Savings accounts have better growth over long periods. As the money stays there, it gains interest which accrues. It’s the reason why emergency funds and larger purchases have these accounts for storage. While you’re building the money you need, you’ll avoid spending it on other necessities because of the withdrawal limit.
Should I Use a Savings Account for My Emergency Fund?
Yes, a savings account is one of the best places to put an emergency fund. Choose one with a high yield, and the money will accrue higher interest rates. Not only that, but you’ll also earn interest on deposits. You should also find accounts with little to no minimum balance requirements apart from interest rates.
Some banks also offer other benefits from choosing them. It can depend on the bank, but you’ll see things such as:
- Limited time higher interest rate offers
- Extra deposit on the account
- Easy access to the account with any added charges
Do Savings Accounts and Checking Accounts Have Minimum Balances?

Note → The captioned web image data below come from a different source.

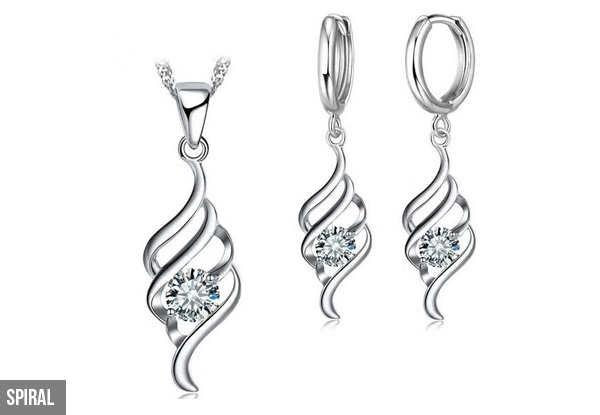 Sterling Silver Pendant Necklace & Earring Set - Three Styles Available with Free Metro Delivery
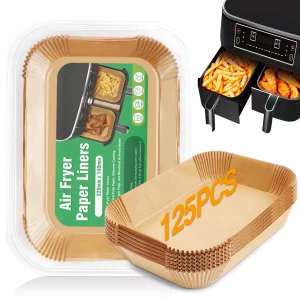 Ninja Dual Air Fryer Liners - 125 Non-Stick Parchment Liner Sheets, 8.6x5.5'' Rectangle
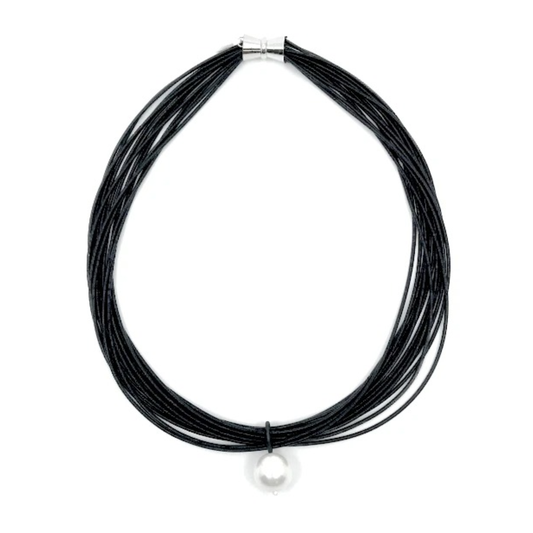 Black Multi Strand Necklace with White Mop Drop Pearl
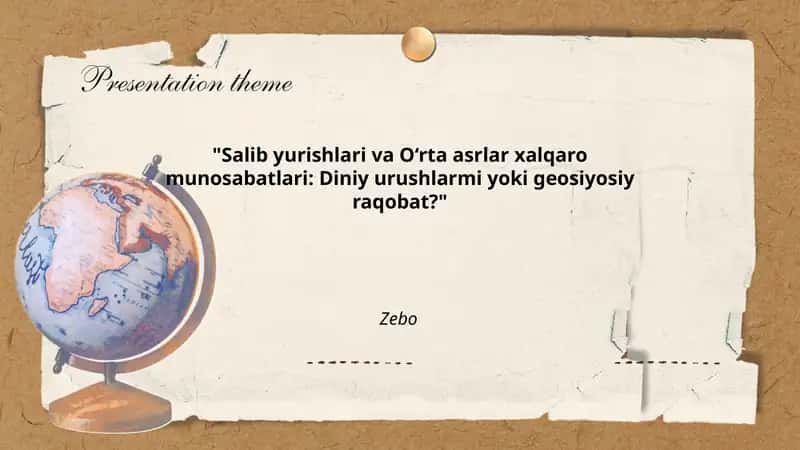 Salib yurishlari va O‘rta asrlar xalqaro munosabatlari: Diniy urushlarmi yoki geosiyosiy raqobat? 1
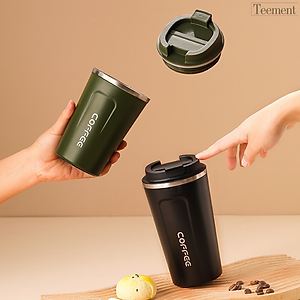 Cốc Giữ Nhiệt Coffeeholic Teement Inox 304 Dung Tích 510ml Cao Cấp Kiểu Dáng Hàn Quốc Cầm Tay Sang Trọng- Hàng Chính Hãng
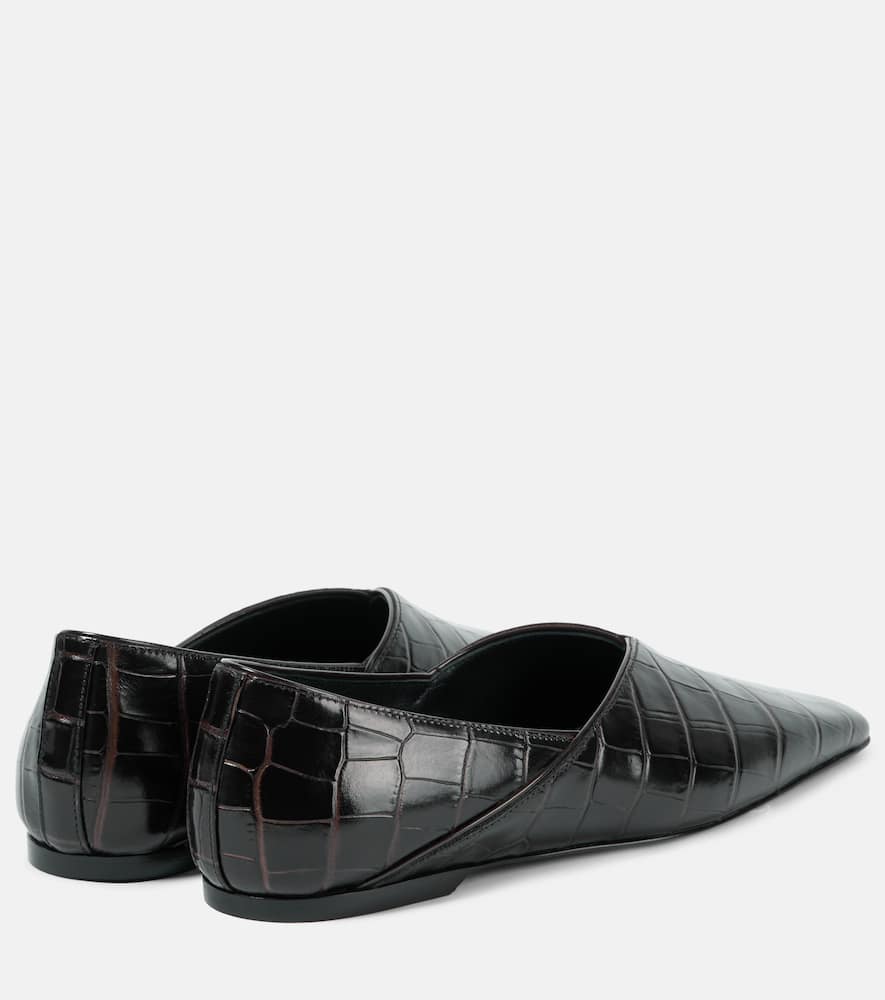Toteme Croc-effect leather flats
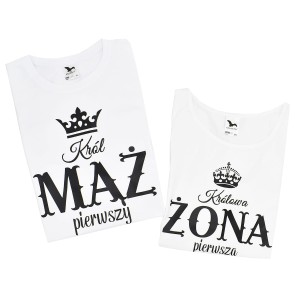 Zestaw koszulek KRÓL MĄŻ PIERWSZY i KRÓLOWA ŻONĄ PIERWSZA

The minimum balance on both accounts will depend on the bank involved. You’ll find that their terms vary, and some will even offer you zero minimum to entice you to open an account with them. If you’re concerned about minimum balances, you should go with one that has the best terms.
When you withdraw below the minimum and stay at that level for an extended period, you’ll often incur a charge. The bank can charge from the remaining balance or when you choose to deposit on the account. Again, these terms can be flexible, and banks have different approaches to these rulings.

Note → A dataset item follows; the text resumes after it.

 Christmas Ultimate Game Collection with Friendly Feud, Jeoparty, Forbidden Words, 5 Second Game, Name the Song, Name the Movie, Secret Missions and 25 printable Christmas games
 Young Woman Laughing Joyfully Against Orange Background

It’s best to ask about these from the bank before settling on opening an account. That way, you won’t encounter any unwanted surprises.
Are Savings Accounts and Checking Accounts FDIC Insured?

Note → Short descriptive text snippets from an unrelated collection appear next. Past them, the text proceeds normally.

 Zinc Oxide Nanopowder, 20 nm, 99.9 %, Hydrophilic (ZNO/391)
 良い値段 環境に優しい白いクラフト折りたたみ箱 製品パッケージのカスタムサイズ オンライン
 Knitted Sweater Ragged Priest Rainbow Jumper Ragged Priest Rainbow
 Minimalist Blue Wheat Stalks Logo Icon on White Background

The FDIC is an insurance company specializing in banks. In case an issue occurs, they will provide coverage that can help the clients get back the money the bank owes. Nearly all banks carry FDIC for their insurance, and you are free to ask the bank before you open an account.
The FDIC covers checking and savings accounts, apart from other bank products. The coverage is up to $250,000 per depositor per bank.
Will I Lose Money if My Bank Closes Down?
One of the worst-case scenarios for a bank client is when the financial institution they’re relying on shuts down. When a bank can no longer render its services, it will face losses, especially investments. However, this does not affect savings or checking accounts in any way.
It’s because most banks today have insurance that covers these accounts. They pay a hefty sum to ensure that they’ll have money backed up to cover all their clients’ needs in case of a meltdown. The FDIC is one of the institutions that provide insurance. It’s critical to check a bank’s coverage, especially if you’re holding money there long term.
Wrapping It Up
When deciding between savings and checking accounts, it’s best to choose based on your needs. Checking is better if you’re looking for something to handle daily transactions. If you want to save money long-term, savings will provide better growth rates.
Most bank account holders have one of each and transfer money between them. Ideally, you should gain access to both short and long-term accounts. The bank’s programs, features, and other offerings may also sway you to choose between one or the other. Whatever you decide, make sure to do your research and weigh the benefits of each.